Best practices for including non-executable binaries in a library

TL;DR: What is the best way to include data binaries (specifically, .npz sparse matrices) in a Python library publishing workflow?

I have an unusual packaging situation for my scientific python library, and I want to be following best practices. My library is for scientific simulations, and involves a lot of linear algebra. The performance is greatly enhanced by including partial solutions as sparse matrices. These are created using the pydata sparse library, and saved as .npz files. These files are stored in a bin folder inside my library (nmrsim):

src
├── nmrsim
│   ├── __init__.py
│   ├── bin
│   │   ├── Lproduct1.npz
│   │   ├── Lproduct10.npz
│   │   ├── {etcetera}
│   │   ├── __init__.py
│   ├── module.py
│   ├── another_module.py
│   ├── {etc.}

These files add about 1.3 MB to the size of the installation.

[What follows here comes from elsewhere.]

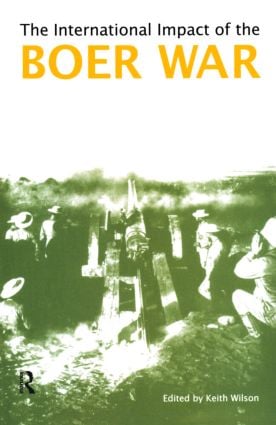 International Impact of the Boer War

My current solution feels very wrong: the bin folder and contents are committed to GitHub, and a GitHub Actions workflow is used to publish to PyPI. Adding binaries to version control is not a good practice, but it is working.

A better solution might be to have a script create this folder and contents as part of the GitHub Actions workflow. However, the calculations are computationally intensive, and I don’t think a GitHub cloud server would have the CPU/memory to generate them. Even if it did, it would add a lot of time to the build.

Another possibility would be making their installation optional, and have a script create these files on the user’s machine. An added benefit would be no “your .npz header looks funny” warnings if there’s a non-breaking difference between the user’s environment and the environment that created the .npz files. However:

  • that would require extra steps from a user, and a fair amount of time to run the computations.
  • this step would not be obvious if my library was installed as a dependency of someone else’s project.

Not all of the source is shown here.